Reputation: 48436
How do I set up a TensorFlow in the Google cloud? I understand how to create a Google Compute Engine instance, and how to run TensorFlow locally; and a recent Google blog post suggests that there ought to be a way to create a Google Compute Engine instance and run TensorFlow applications in the cloud:
Machine Learning projects can come in many sizes, and as we’ve seen with our open source offering TensorFlow, projects often need to scale up. Some small tasks are best handled with a local solution running on one’s desktop, while large scale applications require both the scale and dependability of a hosted solution. Google Cloud Machine Learning aims to support the full range and provide a seamless transition from local to cloud environment.
Even if I'm reading a bit much into this, it has to be the case, given what competing platforms such as Microsoft's Azure offer, that there's a way to set up TensorFlow applications (developed locally and "seamlessly" scaled up into the cloud, presumably using GPUs) in the Google cloud.
For example, I'd like to work locally in my IDE tuning the features and code for my project, running limited training and validation there, and push the code periodically to the cloud to run train there with (arbitrarily) greater resources, and then save and download the trained model.
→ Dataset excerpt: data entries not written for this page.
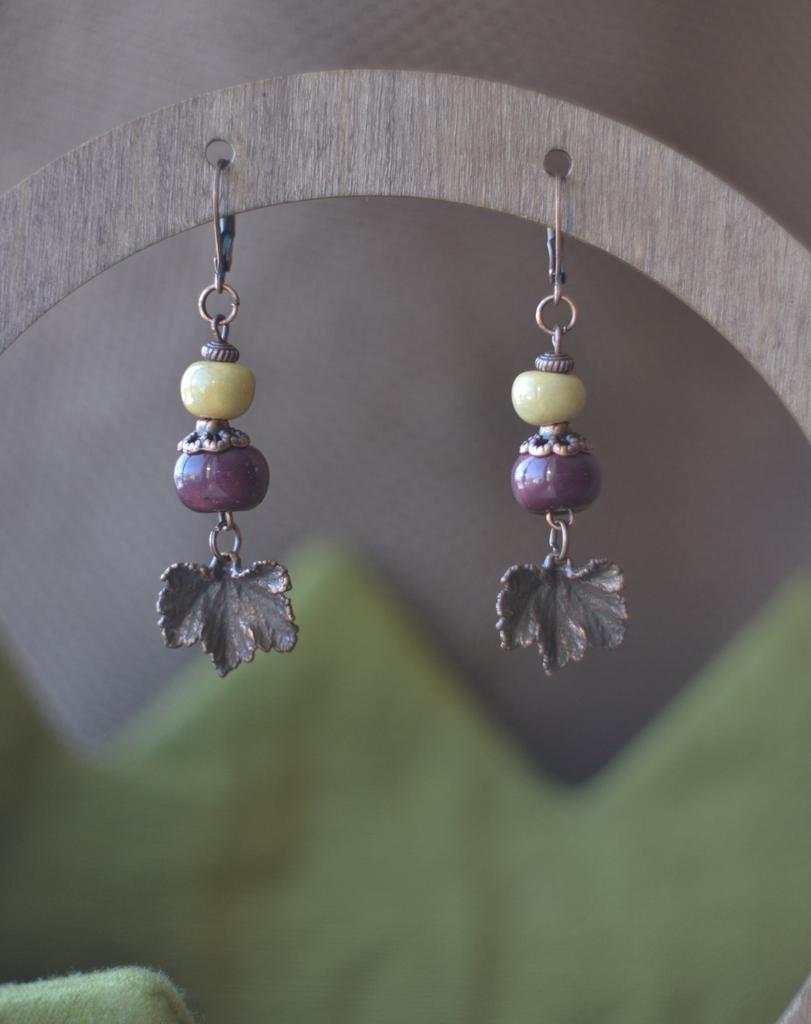 Серьги "Листья "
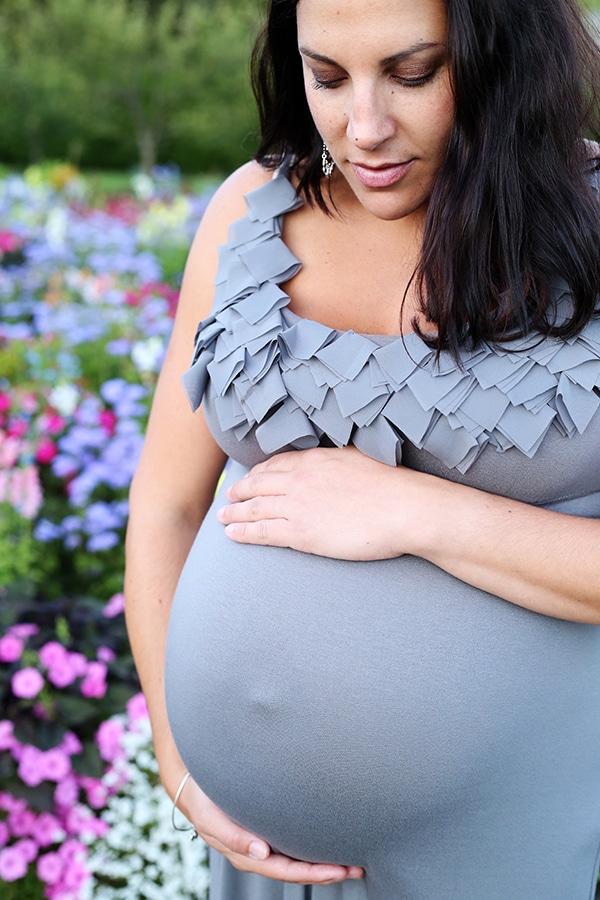 pregnant woman in flower garden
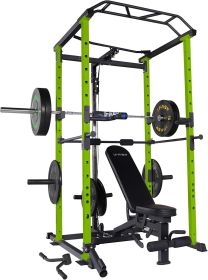 160lb Green Multi-functional Power Cage.  Adjustable Pullup Squat Rack. 1000Lbs Capacity. Comprehensive Fitness Barbell Rack.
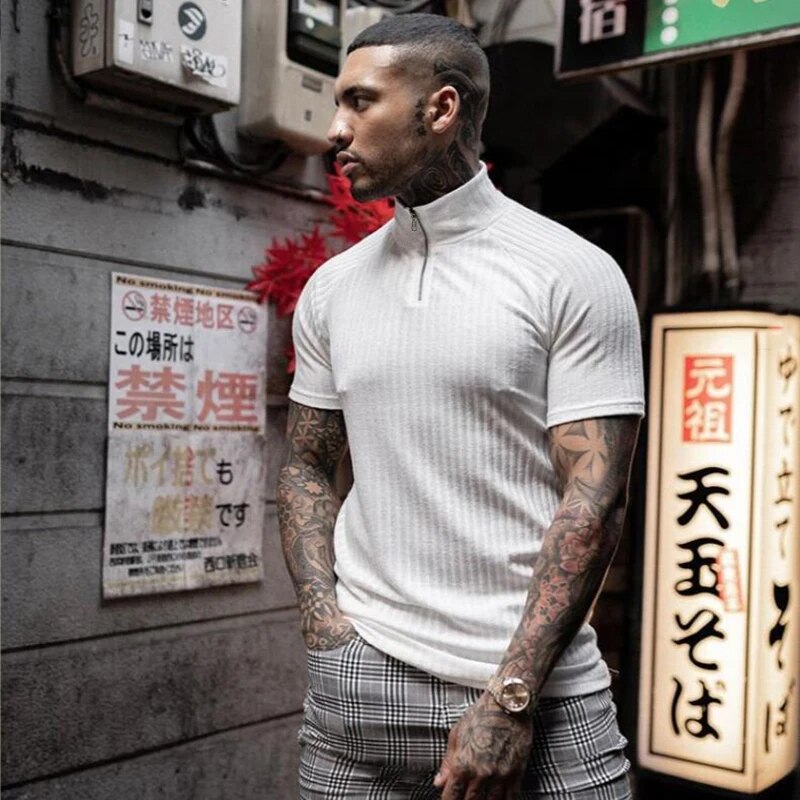 Fitness Mens T-shirt Stripe Summer Man Tshirt Fashion Tops Streetwear Male Knitted New Brand Gym Clothing Short Sleeve Tee Shirt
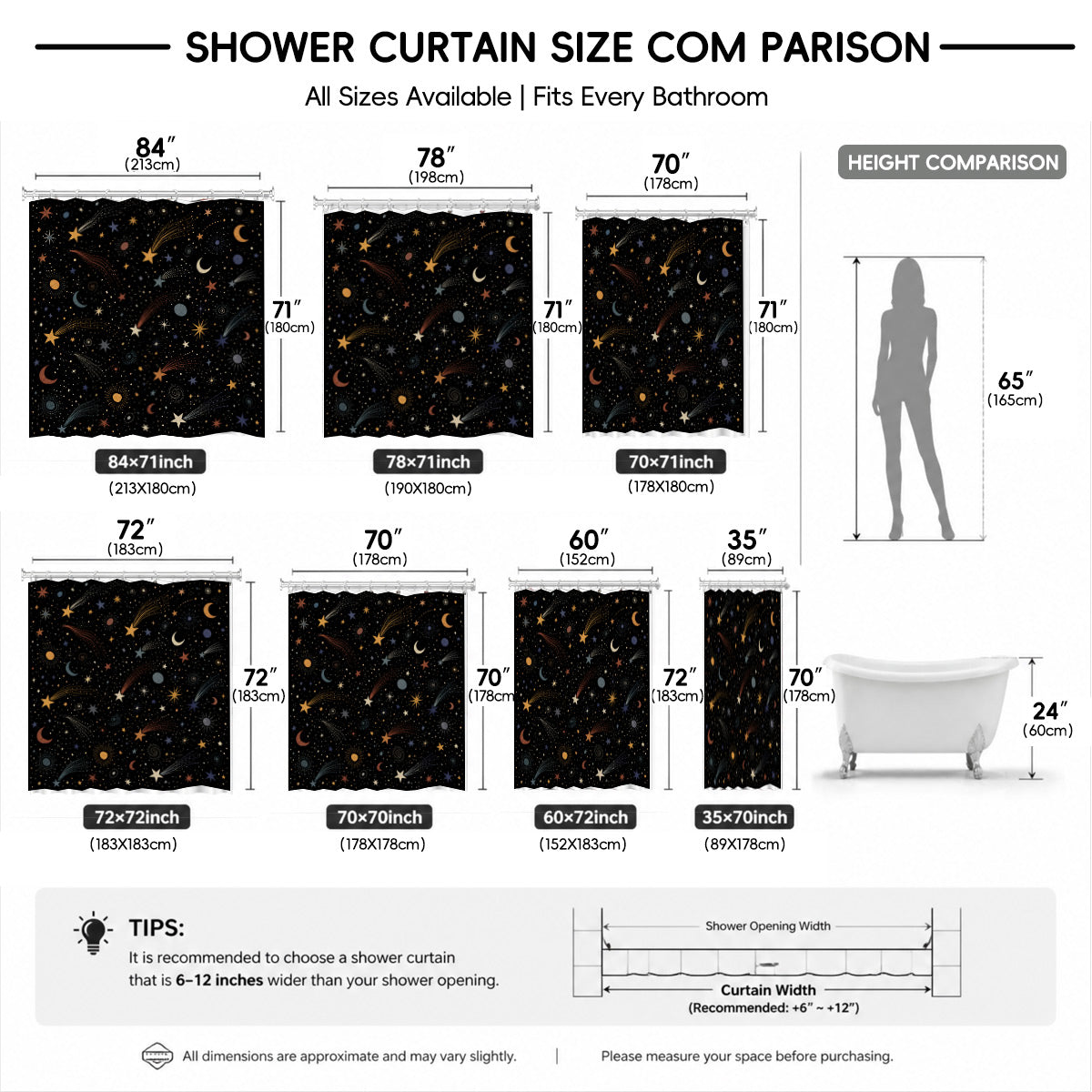 Celestial Sun Moon Star Shower Curtain Vintage Boho Waterproof Bath Decor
Or perhaps even better, just run the graphs (or parts of graphs) in the cloud using tunable resources.
Is there a way to do this; is one planned? How do I set up TensorFlow in the Google cloud?
Upvotes: 16
Views: 12553
Reputation: 10463
Jan 2025 - initially google had linux images with preinstalled tensorflow. Now it is not that simple. When you create a larger GPU machines like A2/A3 the images are with Debian and preinstalled things like conda, scikit etc but no tensorflow.
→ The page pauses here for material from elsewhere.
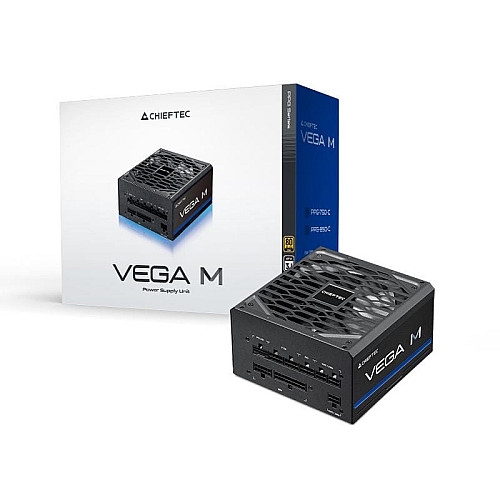 Блок питания CHIEFTEC Vega M (750W), >90%, 80+ Gold, 135мм FDB, 1xMB 24pin(20+4), 2xCPU 8pin(4+4), 3xMolex, 6xSATA, 4xPCIe 8pin(6+2), 1xPCI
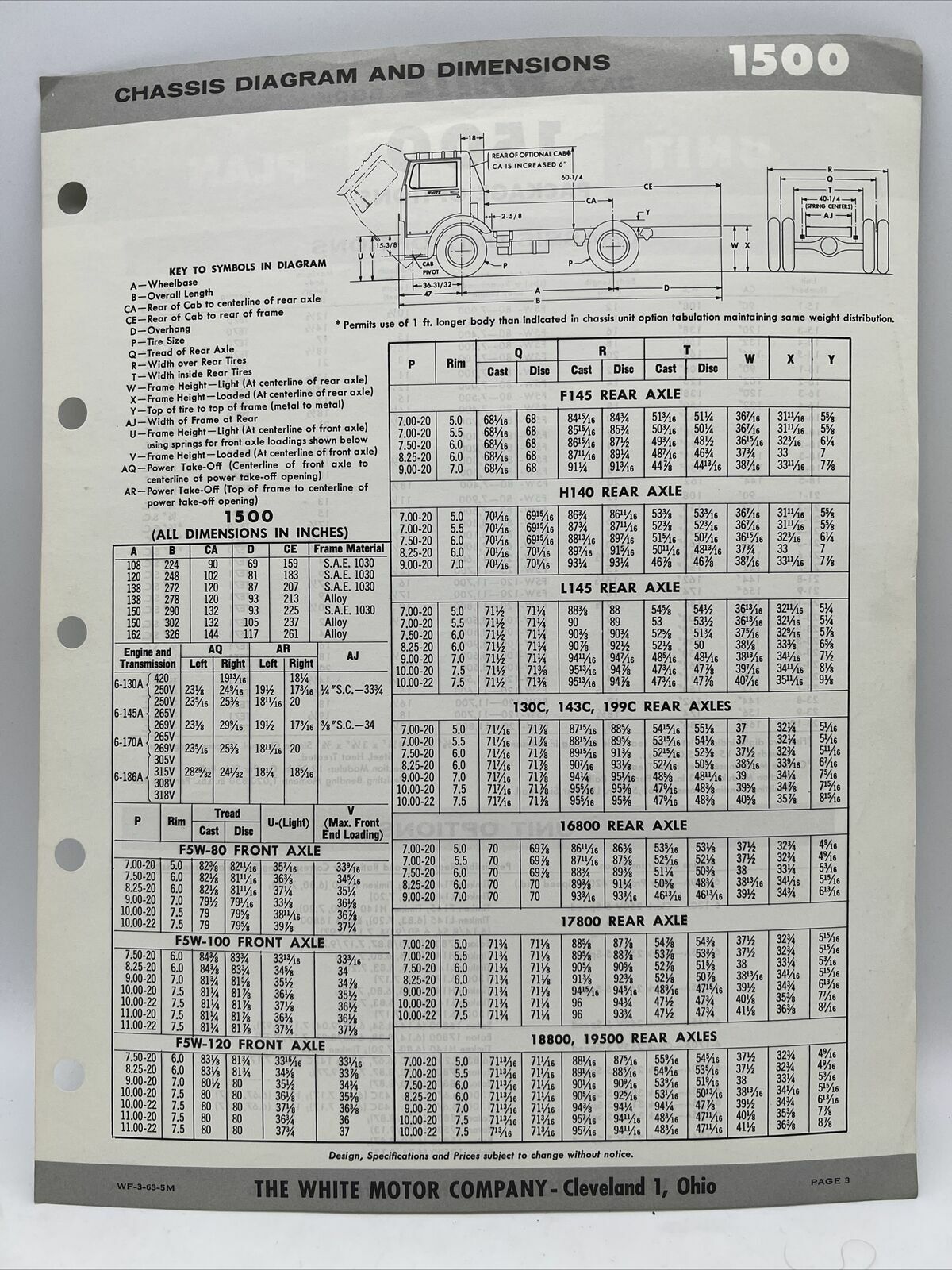1963 THE WHITE MOTOR COMPANY 1500 CHASSIS DIAGRAM AND DIMENSIONS & OPTIONS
And you cannot install tensorflow globally as it would break many Debian dependencies. I tried to install tensorflow by simply pip install tensorflow
and it started to uninstall pre-installed packages like numpy and broke down in the middle.
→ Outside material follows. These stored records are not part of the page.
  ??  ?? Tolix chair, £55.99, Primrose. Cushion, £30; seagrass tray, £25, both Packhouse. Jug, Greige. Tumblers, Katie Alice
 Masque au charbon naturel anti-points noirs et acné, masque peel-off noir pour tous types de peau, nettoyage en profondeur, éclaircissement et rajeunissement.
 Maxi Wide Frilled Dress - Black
So the only way currently, on A2/A3 machine or higher - is to make conda (pre-installed) environment and install everything there, independently from the pre-installed packages, which kinda defies the purpose of using image with everything preinstalled that nothing you can use..
Also a consideration that once you start installing packages yourself - you might get spend an hour or tow and a high spec GPU VM can easily cost a $100 per hr.. But it is still cheaper than buying and running an H100 locally.
However there is another option - IF you ok with 16Gb GPUs. You can use "click to deploy":
https://console.cloud.google.com/marketplace/details/click-to-deploy-images/deeplearning
they offer 16Gbs GPUs on N1 machines with auto install of Nvidia drivers and you can choose a Tensorflow version, so you get everything in one go.. And 16Gb GPUs hourly rates are a lot cheaper than 40Gb cards.
Upvotes: 0
Reputation: 802
Depending on the use case, there can be multiple ways. At the moment the following two methods come to my mind:
1) Select Project/ Computer Engine/ VM instances/ create VM instance. Then go to VM instances, Check the Instance/ click on SSH (needs "gcloud" )/ copy the command and run in cloud shell. Now you are in a virtual machine of your own. Install pip3 here. Install tensorflow (cpu or gpu version). and use it :)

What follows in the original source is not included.